Reading Gianna Clark’s latest blogmade me thing about all the “sayisms” that I’ve developed over the past three years of my Lean-Six Sigma journey. I have added lots of acronyms, sayings, and jargon in my daily speech – and I keep forgetting that not everybody is familiar with these terms (yet) – including my husband during our dinner table conversations!

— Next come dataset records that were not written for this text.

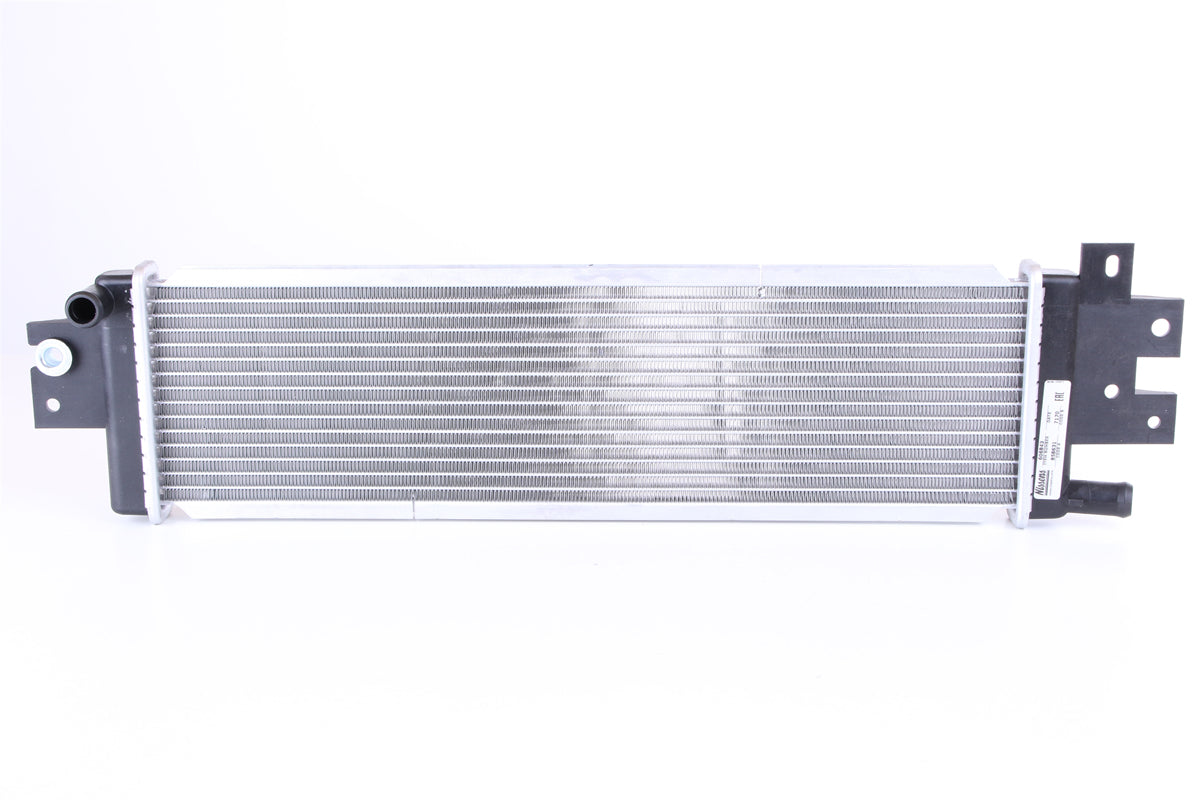 Radiator - Infiniti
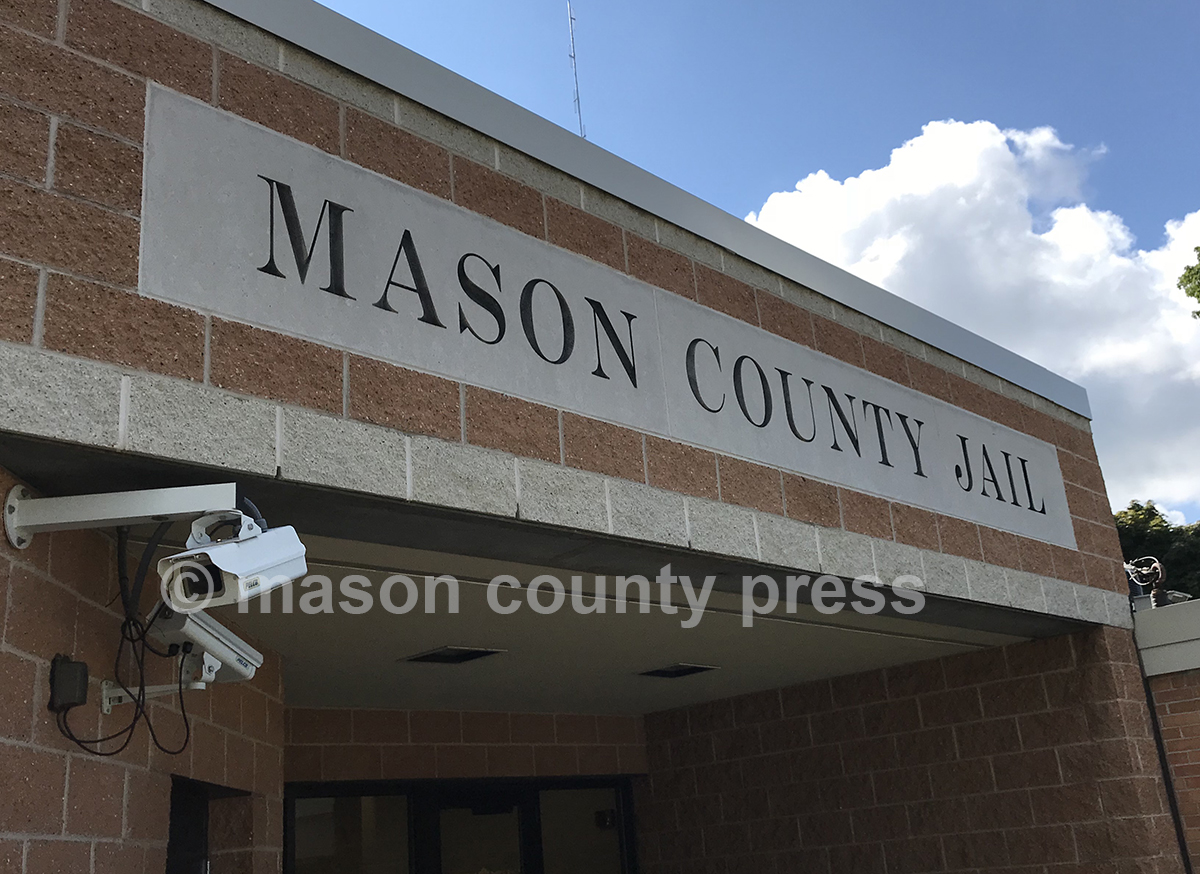Sheriff’s Office cancels jail visits, adopts modified protocols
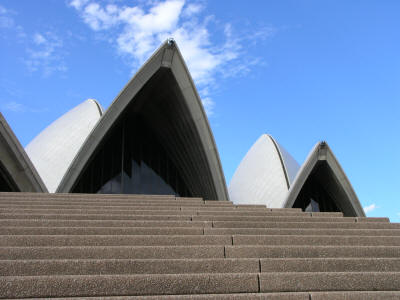 Sydney Opera House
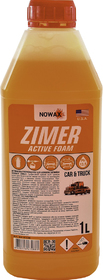Концентрат автошампуня Nowax Zimer Active Foam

Have you had this same experience?
Here are some examples of what I find myself saying – in each case, someone has said – “Whoa – slow down – I don’t know what you mean by that!”
- Radio station WIIFM (thanks Gina, that’s what kicked me off on this blog! “What’s in it for me?”)
- CTQs (Critical to Quality [characteristics])
- VOC (Voice of the Customer)
- ARMI (Approvers, Resources, Members, Interested Parties)
- Big Y (Process Outcome)
- WWW (What-Who-When)
- DMAIC (Define, Measure, Analyze, Improve, Control)
- FMEA (Failure Modes Effects Analysis)
- DOE (Design of Experiments)
- SOP (Standard Operating Procedure)
- DPMO (Defects per Million Opportunities)
- SIPOC (Suppliers, Inputs, Process, Outputs, Customers)
- VSM (Value Stream Map)
- COPQ (Cost of Poor Quality)
- GR&R (Gage Reproducibility & Repeatability)
- QFD (Quality Function Deployment)
Surely there must be many more out there that you get caught on as well. Care to share?